The BIOS chip tells it to look in a fixed place, usually on the lowest-numbered hard disk (the boot disk) for a special program called a boot loader (under Linux the boot loader is called Grub or LILO). The boot loader is pulled into memory and started. The boot loader's job is to start the real operating system.
The loader does this by looking for a kernel, loading it into memory, and starting it. If you Linux and see "LILO" on the screen followed by a bunch of dots, it is loading the kernel. (Each dot means it has loaded another disk block of kernel code.)
(You may wonder why the BIOS doesn't load the kernel directly — why the two-step process with the boot loader? Well, the BIOS isn't very smart. In fact it's very stupid, and Linux doesn't use it at all after boot time. It was originally written for primitive 8-bit PCs with tiny disks, and literally can't access enough of the disk to load the kernel directly. The boot loader step also lets you start one of several operating systems off different places on your disk, in the unlikely event that Unix isn't good enough for you.)

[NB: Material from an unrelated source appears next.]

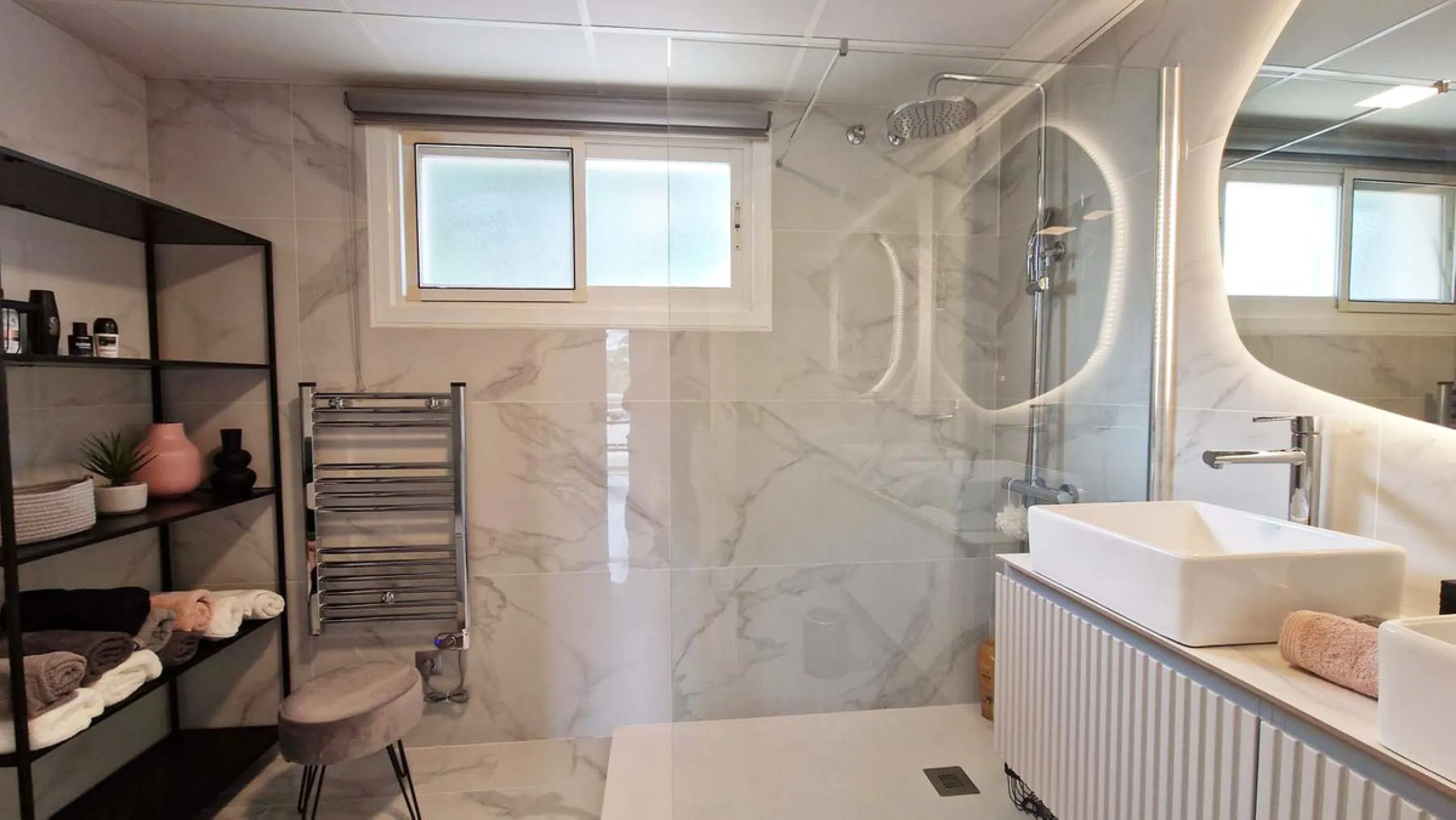 Apartment - Penthouse в продаже в Benalmadena, Málaga. В доме 3 спален и 2 ванных комнат. Площадь дома 122 м²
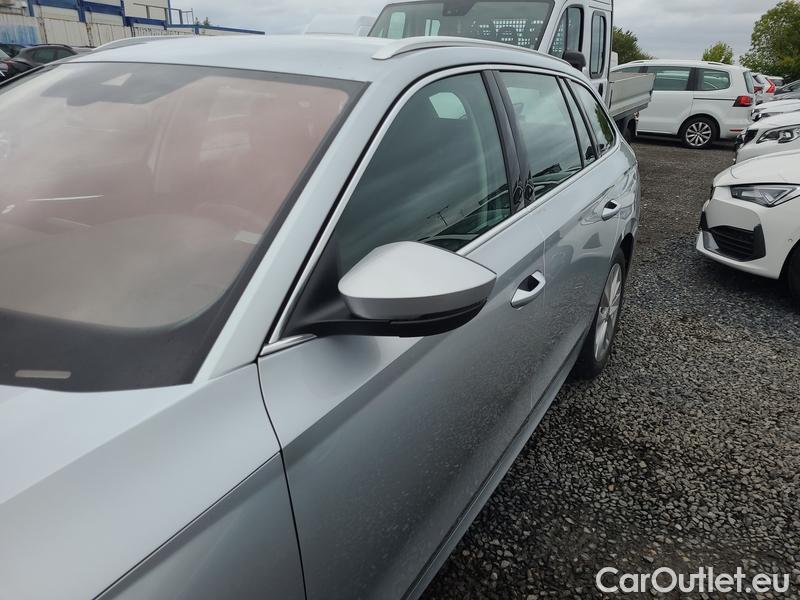  Skoda  Octavia  Combi (NX3)(2020) Oct.Combi 2.0TDI 110 Style AT #21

Once the kernel starts, it has to look around, find the rest of the hardware, and get ready to run programs. It does this by poking not at ordinary memory locations but rather at I/O ports — special bus addresses that are likely to have device controller cards listening at them for commands. The kernel doesn't poke at random; it has a lot of built-in knowledge about what it's likely to find where, and how controllers will respond if they're present. This process is called autoprobing.
You may or may not be able to see any of this going on. Back when Unix systems used text consoles, you'd see boot messages scroll by on your screen as the system started up. Nowawadays, Unixes often hide the boot messages behind a graphical splash screen. You may be able to see them by switching to a text console view with the key combination Ctrl-Shift-F1. If this works, you should be able to switch back to the graphical boot screen with a different Ctrl-Shift sequence; try F7, F8, and F9.
Most of the messages emitted boot time are the kernel autoprobing your hardware through the I/O ports, figuring out what it has available to it and adapting itself to your machine. The Linux kernel is extremely good at this, better than most other Unixes and much better than DOS or Windows. In fact, many Linux old-timers think the cleverness of Linux's boot-time probes (which made it relatively easy to install) was a major reason it broke out of the pack of free-Unix experiments to attract a critical mass of users.
But getting the kernel fully loaded and running isn't the end of the boot process; it's just the first stage (sometimes called run level 1). After this first stage, the kernel hands control to a special process called ‘init’ which spawns several housekeeping processes. (Some recent Linuxes use a different program called ‘upstart’ that does similar things)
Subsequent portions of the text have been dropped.